Pointwise and uniform convergence of the series $\sum\limits_{n=1}^{\infty} \frac{1}{1+n^2x^2},\ x>0$

Question

I am given the exercise: Check the pointwise and uniform convergence of the series $\sum\limits_{n=1}^{\infty} \frac{1}{1+n^2x^2},\ x>0$.

It is like that: $$n^2x^2 \leq 1+n^2x^2 \Rightarrow \frac{1}{n^2x^2} \geq \frac{1}{1+n^2x^2} $$

$$\sum_{n=1}^{\infty} \frac{1}{n^2x^2}=\frac{1}{x^2} \sum_{n=1}^{\infty} \frac{1}{n^2}< +\infty$$

Do we conclude from this that $\frac{1}{1+n^2x^2}$ converges pointwise to a function $s(x)$ ?

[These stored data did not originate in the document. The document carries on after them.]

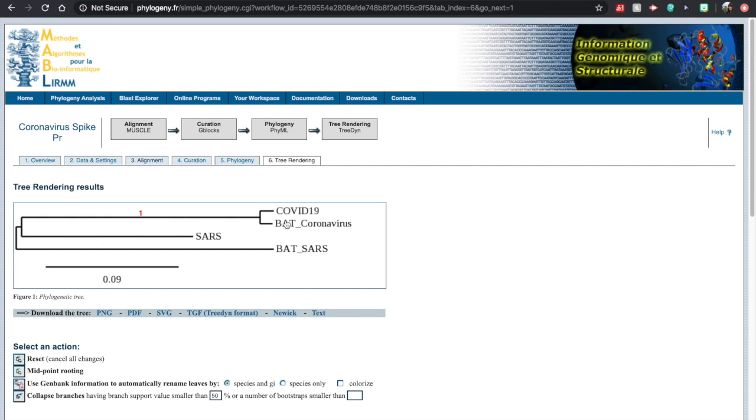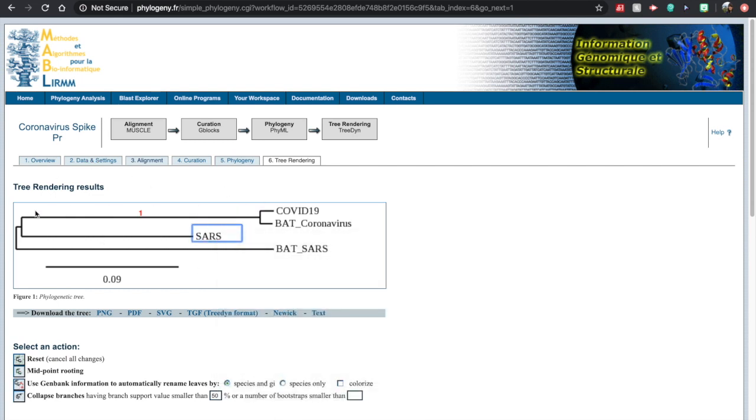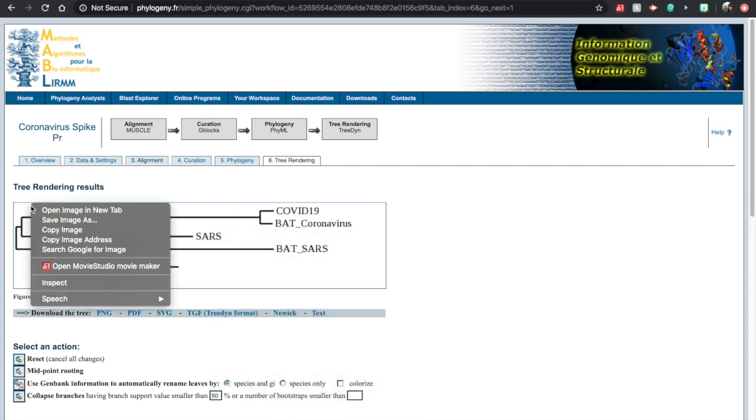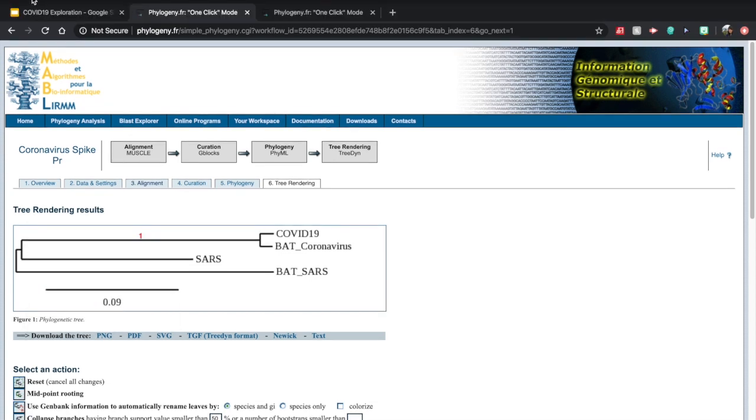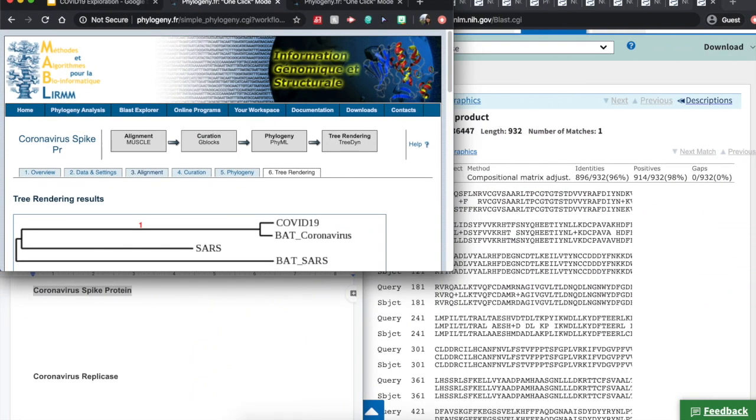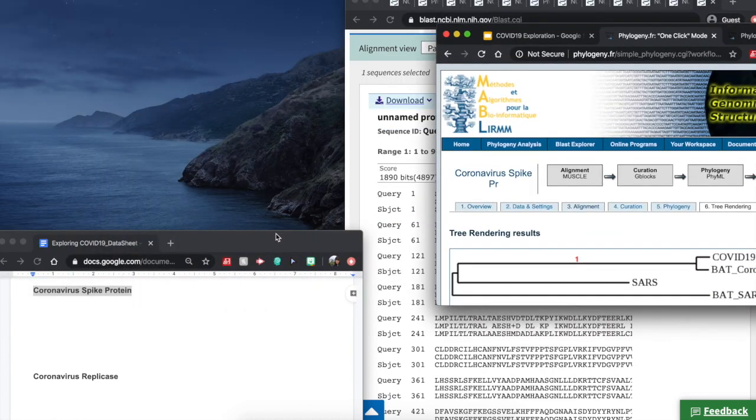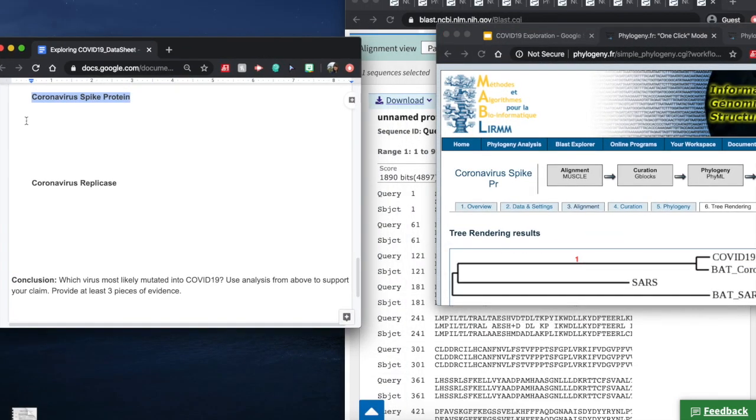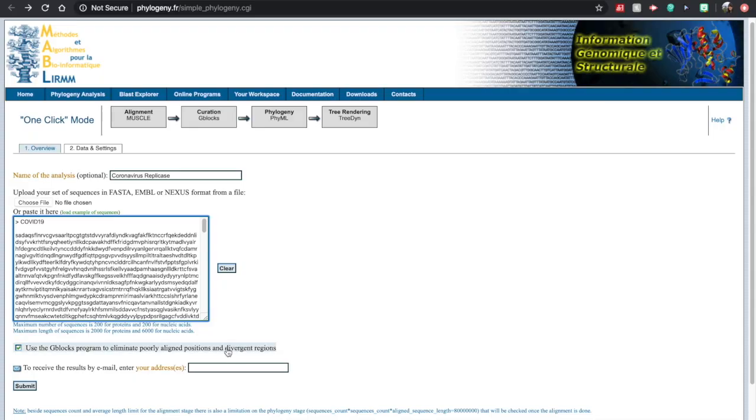And so here is our tree. So I'm just going to right-click on this. And from here, it's going to allow me, I can then copy and paste it directly into my data sheet.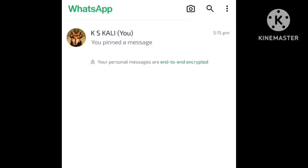We will download new updates for WhatsApp and you can see any new updates in the end. If you like this video, subscribe and click the bell button. Thank you, friends.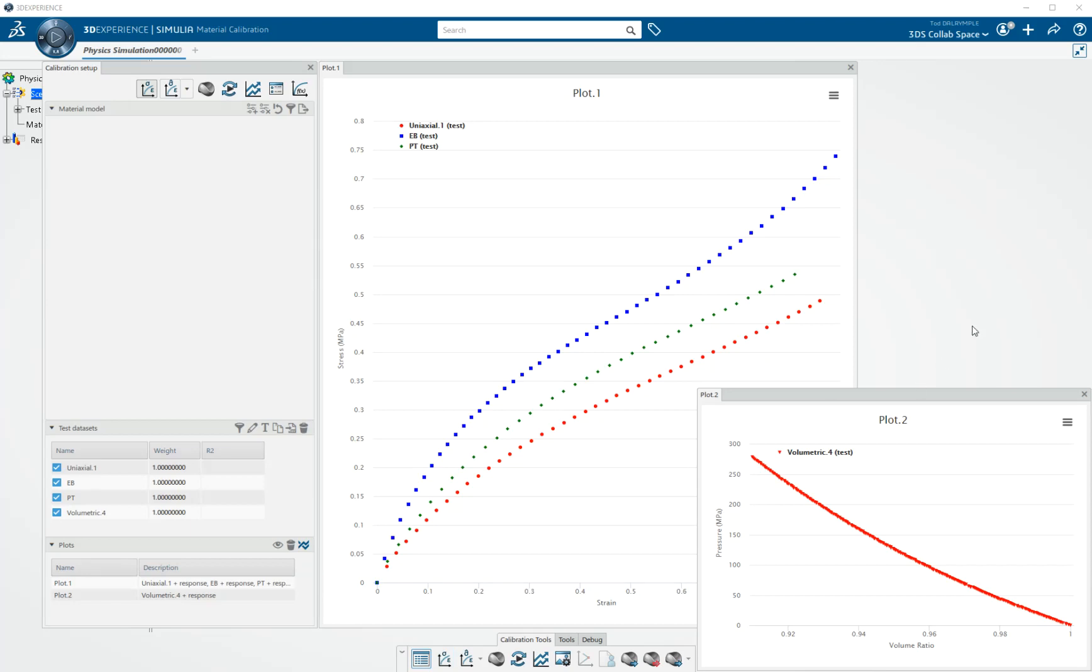I paused the video for just a bit while I read in some planar test data and some equal biaxial test data and some hydrostatic or volumetric test data. So I have a variety of plots here on my screen, all automatically generated by the tool.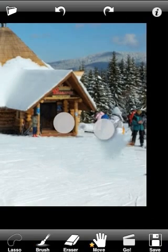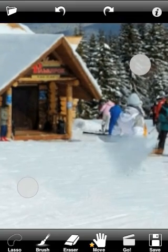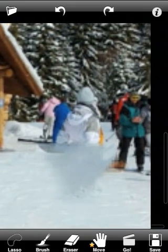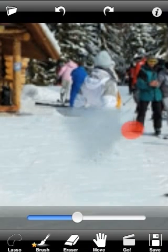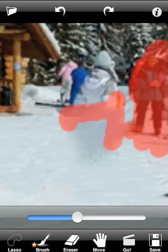You can see that we have some imperfections after retouching. We are going to fix that too. Let's undo and give it another try.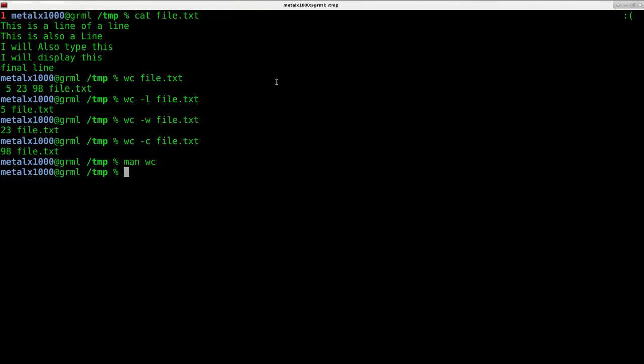So that's it. I wanted to show you that before we get into counting with grep, which will be in the next video. Thanks for watching.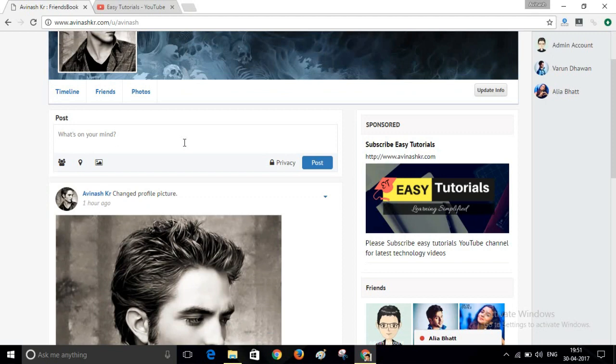So before we start creating this social network website, I will request you to please subscribe my channel to watch latest videos like this. Now let's start creating this website.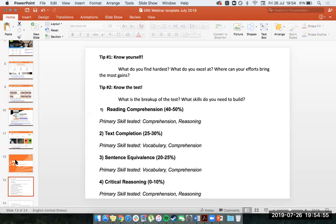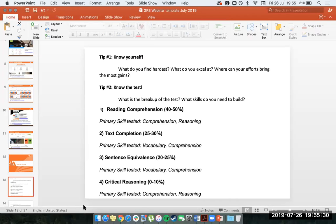Knowing the test structure means you know you're never going to need to build concentration for more than a block of 20 questions — so sitting for four hours constantly doing questions isn't going to help. Understanding the test setup helps you figure out what you need to do in building a plan. I'll take some questions now. One question: is the AWA mandatory to get admission into US colleges? For those who don't know, AWA stands for Analytical Writing Assessment — that's the essay section of the GRE.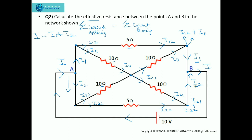Now what we need to do is follow the series and parallel combination approach. When the same currents flow through resistors, those resistors are in series combination and we just add them. When the current is divided, those resistors are in parallel combination and we take the sum of the reciprocals. Following that, we will calculate the effective resistance across the points A and B.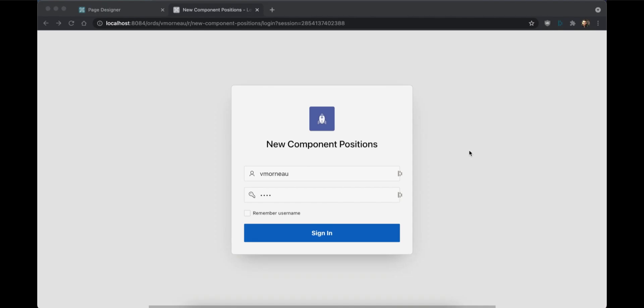Apex 21.2 marks the biggest fundamental change to Page Designer in years with the introduction of a brand new component positioning system. It means that you can put any component anywhere.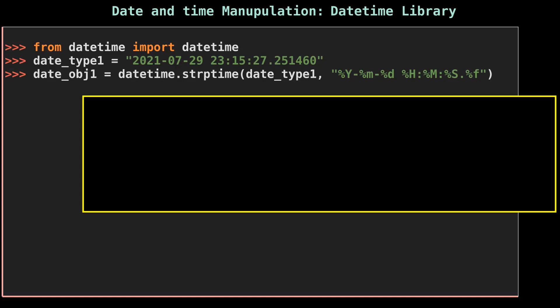You might be wondering what is the meaning of the format %Y %m %d %H %M %S and %f. These are known as format tokens. Each token represents a different part of the date and time, like day, month, year, etc.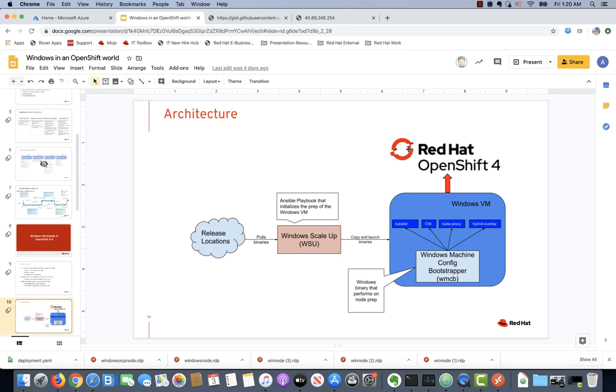Here is a demo of running Windows containers on top of OpenShift. In this demo we want to start simple and just hit the basics. This is going to involve the following steps.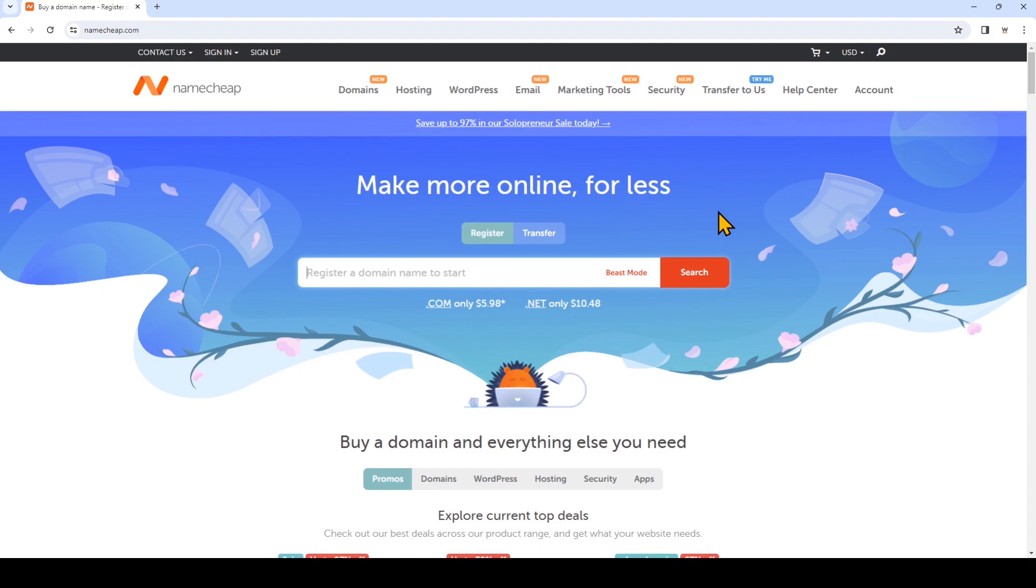In this video I'm going to show you how to register a domain name in the most affordable way with Namecheap. I'm going to show you what to watch out for when you're signing up with Namecheap so that you can get the most bang for your buck.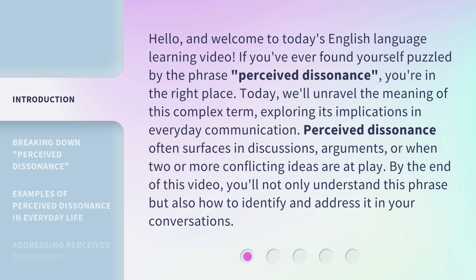Today, we'll unravel the meaning of this complex term, exploring its implications in everyday communication. Perceived dissonance often surfaces in discussions, arguments, or when two or more conflicting ideas are at play. By the end of this video, you'll not only understand this phrase but also how to identify and address it in your conversations.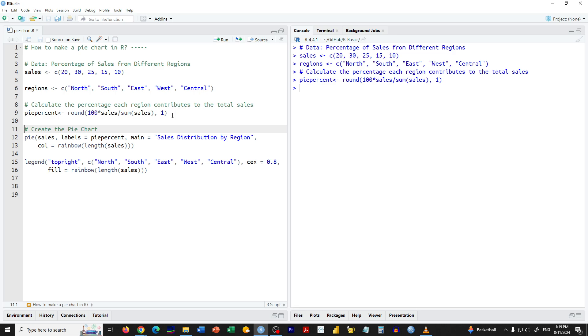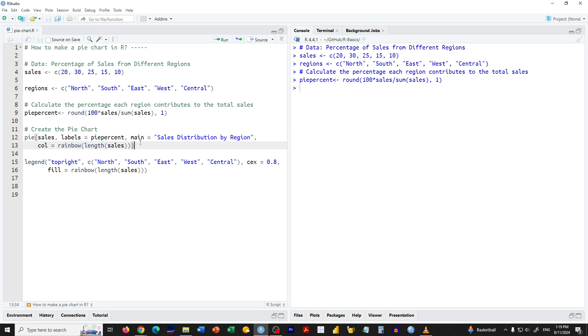Now let's create the pie chart. We use the pie function passing in our sales data and the calculated percentages as labels. We also add some color with the rainbow function and set a title for the chart.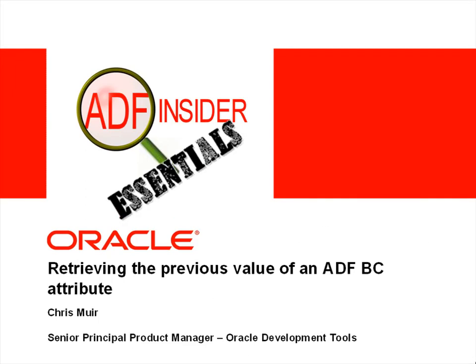Welcome to the ADF Insider Essentials Series. This series demonstrates the essential skills, tips, tricks, and techniques that you'll require for building ADF applications.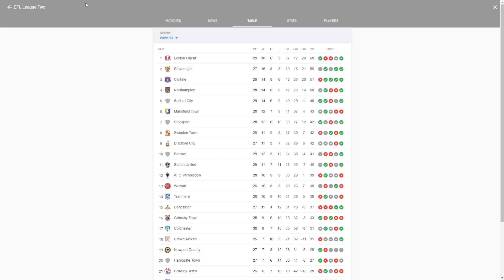So we're going to be discussing, well me discussing to myself really, which teams are going to be promoted to League 1 and which teams are going to get relegated to the National League and which teams are going to finish mid-table.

Also,how can I check if the series converges pointwise to a function?

Answer 1

Yes you're correct and by this way you proved the pointwise convergence of the series on $(0,+\infty)$. Now since $$\lim_{x\to 0}\sum_{n=1}^\infty\frac{1}{1+n^2x^2}$$ doesn't exist then the convergence isn't uniform on the interval $(0,\infty)$. Moreover, let $a>0$ then $$\frac{1}{1+n^2x^2}\le\frac1{a^2n^2},\quad\forall x\ge a$$ and the series $\sum_{n\ge1}\frac1{n^2}$ is convergent then the given series is uniformly convergent on every interval $[a,+\infty)$ for all $a>0$.